Uma frequência cada vez maior de acontecimentos inesperados e brutais nas suas consequências, num contexto que tornou anacrónica a nossa organização social e económica, cujos princípios basilares remontam aos anos 50 do século XX.
E agora?
Daniel Traça elenca duas urgências essenciais: “Por um lado, criar um diferente enquadramento organizacional nas nossas sociedades, novas instituições que nos permitam lidar com todas estas forças desordenadas, com este caos, e, por outro, fortalecer a nossa própria capacidade individual e das nossas organizações”. E uma noção chave: “O mundo é fundamentalmente novo e são necessárias ideias fundamentalmente novas”.
Este não é um desafio desconhecido, nem insuperável para a Humanidade, considera Daniel Traça. A História contemporânea dá-nos exemplos tão claros como as mutações do tecido socioeconómico após a Revolução Industrial, os modelos de organização política que introduziram fortes disrupções no início do século XX, ou as correntes de pensamento após a grande depressão dos anos 20 do século passado, para além das reformas globais e institucionais a seguir à segunda guerra mundial. O problema é que, a partir daí, “o pensamento, nomeadamente o pensamento económico, praticamente estagnou”.
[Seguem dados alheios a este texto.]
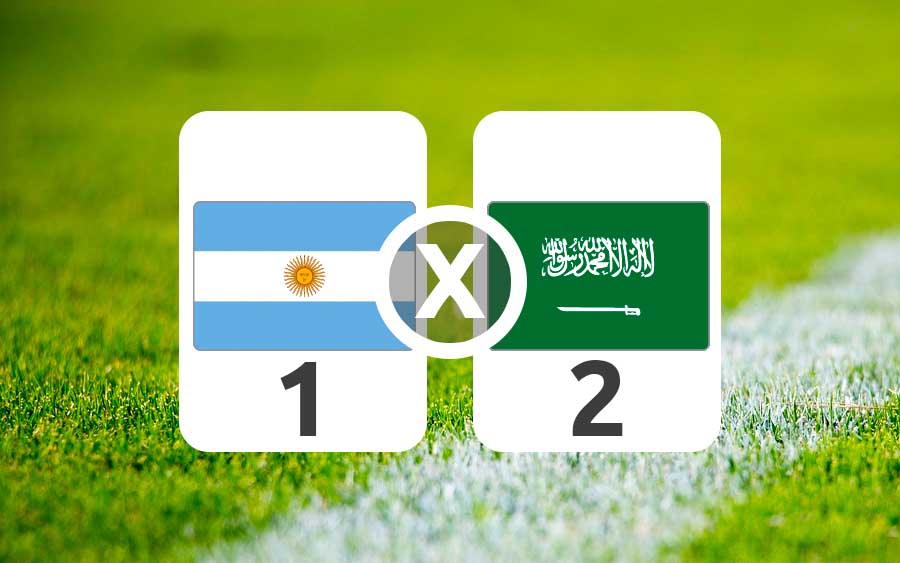 Deu zebra: Argentina perde para Arábia Saudita pela Copa 2022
Hoje, o professor catedrático de Economia considera absolutamente imprescindível recuperar a “criatividade que dê origem a novas respostas”. E, refere, “vejo poucas ideias novas a surgirem”. Se, nas empresas, a questão é quase depuradora – “as empresas que tiverem uma grande ideia sobrevivem, as que não o conseguirem saem do mercado” –, ao nível dos Estados, a necessidade de reformas, na abordagem e nas soluções, é ainda mais determinante, pela forma como isso afeta a vida das sociedades mundiais, seja na redistribuição do rendimento, nos cuidados de saúde ou na regulação nacional e internacional.
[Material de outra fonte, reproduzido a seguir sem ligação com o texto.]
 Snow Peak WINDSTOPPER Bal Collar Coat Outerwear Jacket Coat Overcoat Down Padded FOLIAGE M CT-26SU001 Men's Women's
“A capacidade de gerar novas respostas para lidar com este mundo novo que se criou com a globalização, com a tecnologia e com as alterações climáticas, é ainda mais importante nos Estados”, vinca Daniel Traça. “E o que nós temos hoje em dia é uma cada vez menor capacidade de gestão e de renovação de quem está nos governos, enquanto vemos uma perda de confiança dos cidadãos, com uma ligação direta ao crescimento de fenómenos como o populismo”.
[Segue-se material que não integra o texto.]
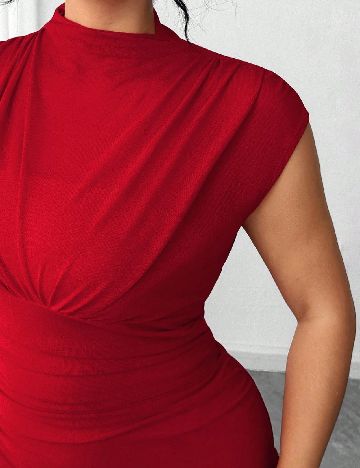 Rochie lunga SHEIN CURVE, rosu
“Se não se repuserem instituições que voltem a trazer alguma estabilidade e previsibilidade à vida das pessoas, caminharemos para um aumento do nível de desespero, até porque a nossa capacidade para lidar com ‘cisnes negros’ tem limites, conduzindo a ciclos de medo”, reflete.
Daniel Traça considera que não estamos perante uma inevitabilidade. E que as soluções residem em nós. “Já estivemos aqui antes”, comenta, para concluir: “A História mostra-nos que, no passado, tivemos a capacidade para agir rapidamente e lidar com a mudança. E que o mundo que resultou dessa mobilização coletiva foi sempre melhor”.